Bien veo, Ilustre Conde,

del Mexicano suelo clara Lumbre,

que tu gloria se esconde

a mi talento oscuro,

y que si de ella a la sublime cumbre

por el sereno y puro

líquido el vuelo alzara,

suerte igual a la de Ícaro probara.

 

Mas tanto gano en esto,

y tal virtud en tu Persona admiro,

que el despeno funesto

que a mi arrojo cupiera,

no me atierra: ya en uno y otro giro

por la celeste esfera

lúcida me remonto,

y se aleja de mi el undoso Ponto.

 

En vibrantes fulgores

de blanca luz observo revestidos

a tus claros Mayores,

que con muerte gloriosa

por el Orbe dejaron esparcidos

sus nombres, y la honrosa

fama que se adquirieron,

a su Posteridad la transmitieron.[4]

   Hasta aquí con esa visión y revisión que, sobre el toro encontramos en diversos documentos que provienen del periodo virreinal. No son todos, pero sí aquellos donde están presentes aquellas notorias evidencias al respecto.
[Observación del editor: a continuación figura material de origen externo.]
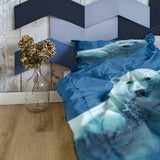 Original Therapiedecke - Baumwollbezug Blau mit Eisbär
Seguiré buscando lo más que sea posible para ir contando con una mayor interpretación respecto a tema tan interesante como es el de la manera en cómo aquellos pobladores, y más aún los diversos escritores apreciaron diversas características que nos explican la presencia del toro en los cientos, o quizá miles de espectáculos que se celebraron durante los tres siglos de aquella etapa. En próximas colaboraciones, retomaré el tema nada más aparezcan esas nuevas evidencias, pero el propósito es continuar, y ese hecho permite acceder al siglo XIX, espacio temporal de rica y abundante información que será muy importante conocer para contar con el contexto apropiado y así entender de mejor manera las diversas apreciaciones y otros tantos más que nos llevarán a entender cómo se fue configurando también, aquel sector de la ganadería que vinculó parte de sus procesos a los festejos taurinos. Gracias.


[1] Rafael Landívar, S.J.: Por los campos de México. Prólogo, versión y notas Octaviano Valdés. 2ª. Ed. México, Universidad Nacional Autónoma de México, 1973.XXVI-218 p. Ils. (Biblioteca del estudiante universitario, 34).

[2] José Francisco Coello Ugalde: Novísima grandeza de la tauromaquia mexicana (Desde el siglo XVI hasta nuestros días). Madrid, Anex, S.A., España-México, Editorial “Campo Bravo”, 1999. 204 p. Ils, retrs., facs., p. 48-51.

[3] Garibay K.: Mitología griega…, op. cit., p. 52.

Arión: hijo de Poseidón y la ninfa Onea. Fue maravilloso tocador de lira y él invento el ditirambo en honor de Dioniso.

[4] Descripción de las Fiestas que hicieron los diputados de la ciudad de Tehuacan…, Op. Cit.